I quite understand that the Church desires to make its own constitution without interference from any other powers, and, as I read the proposed words, it seems to me that there is no power for anybody to touch it. If the most rev. Primate thinks that by any construction of these words you can in any way enable either House of Parliament to debate any point in the constitution, then my object is defeated. If anybody thinks so, I do not wish to press this Amendment. Eat I think that if one could arrive at some way of getting over that very great objection, and so make it clear as a statement of fact that these powers are to be granted to a certain Assembly whose constitution is not open to discussion but is wholly decided, you do make the Bill clearer and easier. And that is my object. If the House or the most rev. Primate thinks that there is any doubt about the question, I do not desire to pursue it. In the meantime I beg to move the Amendment.

Amendment moved— Page 2, line 11, after ("aforesaid") insert ("and sufficiently described for the purposes of this Act in the Schedule hereto").—(Lord Muir Mackenzie.)

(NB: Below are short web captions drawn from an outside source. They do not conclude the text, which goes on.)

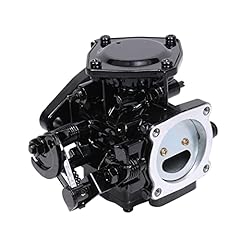 Ralbdx carburetor bn444043 for sale  Delivered anywhere in USA 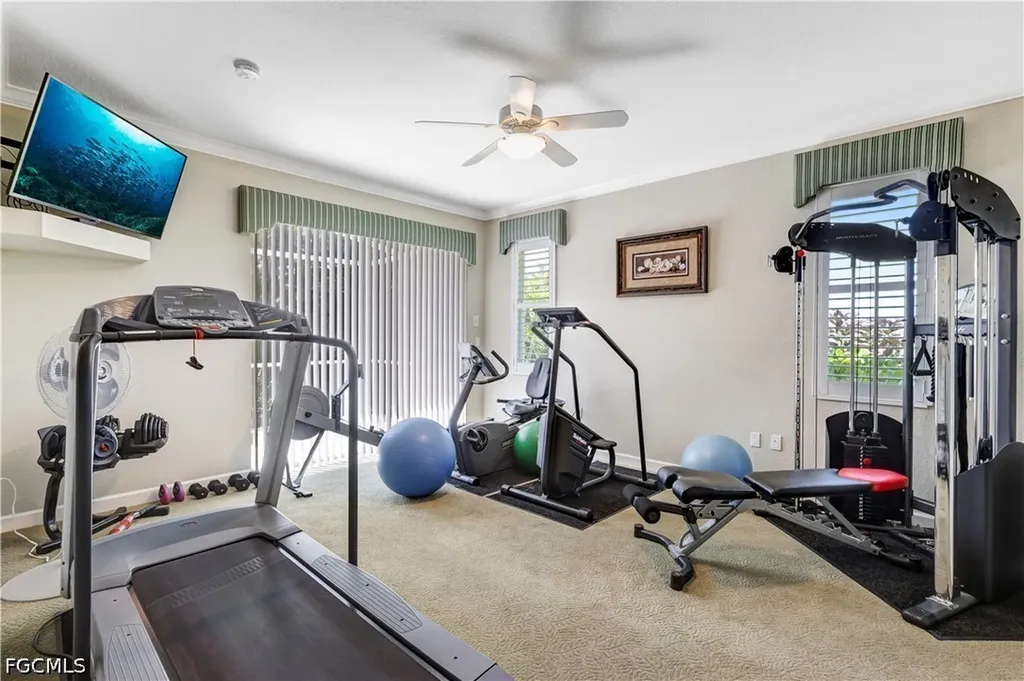 735 Elisa Drive Punta Gorda FL 33950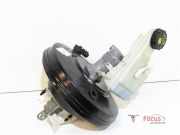 Bremskraftverstärker Ford Focus III Turnier DYB BV612B195SB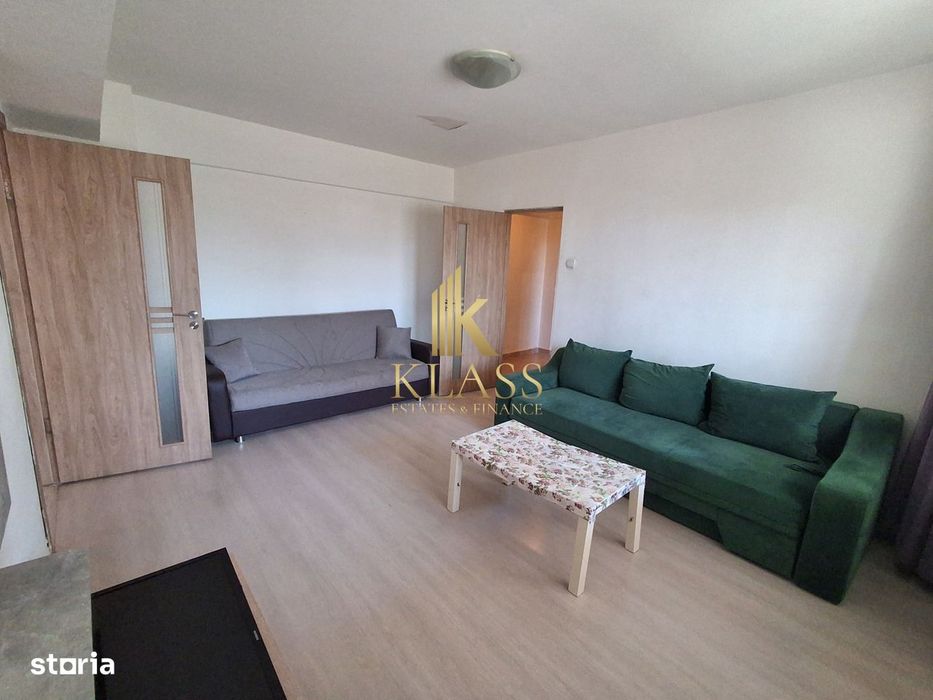 Apartament 3 Camere Colentina | Fundeni | Gherghitei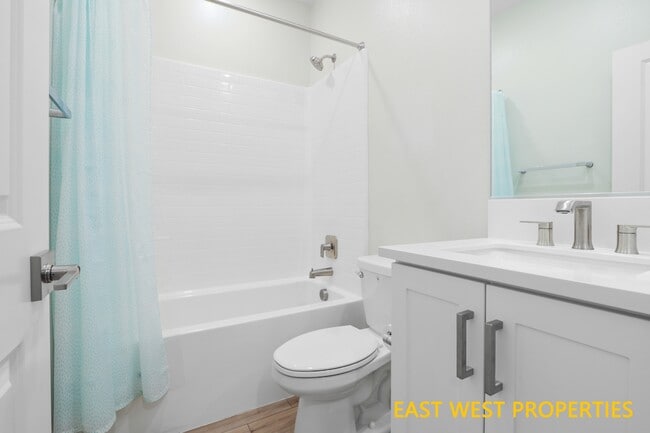 Building Photo - 25 Stetson St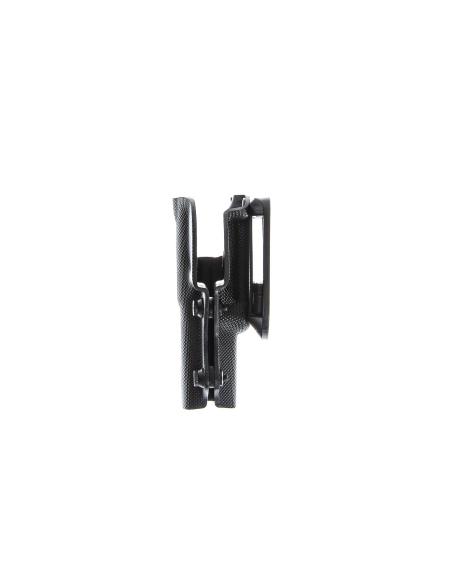FO000059 - Ghost Civilian Glock small frame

THE LORD ARCHBISHOP OF CANTERBURY

I appreciate to the full the noble Lord's wish, and I entirely accept his assurance, as is indeed evident, that he wants to help us in every way to make the Bill as good as it can be made. The proposal he now makes, however, seems to me to interfere a good deal with the working of the Bill as we had intended it, because it does undoubtedly lay the Schedule open to have each part of it discussed in detail in either House of Parliament. Further than that, as I read the words—though I imagine the noble and learned Lord interprets them differently—part of the Schedule on the Paper in the name of the noble Lord would go a great deal further than anything I. should think of asking for, because it would say— The House of Laity shall consist of representatives of the Laity of the Provinces of Canterbury and York elected in accordance with rules made by the Assembly— So that the rules might at any time take a form which would make the House of Laymen a much narrower body than has been proposed in the constitution laid before Parliament. I should have thought that this goes further than anything we have asked for, though that is not, I believe, the interpretation which the noble Lord puts on his words. Anyhow, I must say that I do not think we should help matters by inserting a Schedule that would rather defeat the purpose which the noble Lord says he has in view—that it should not be discussed in the Houses of Parliament.

THE LORD CHANCELLOR

Does Lord Muir Mackenzie press his Amendment?

LORD MUIR MACKENZIE

No.

Amendment, by leave, withdrawn.

Clause 4:

Procedure on measures reported on by the Ecclesiastical Committee.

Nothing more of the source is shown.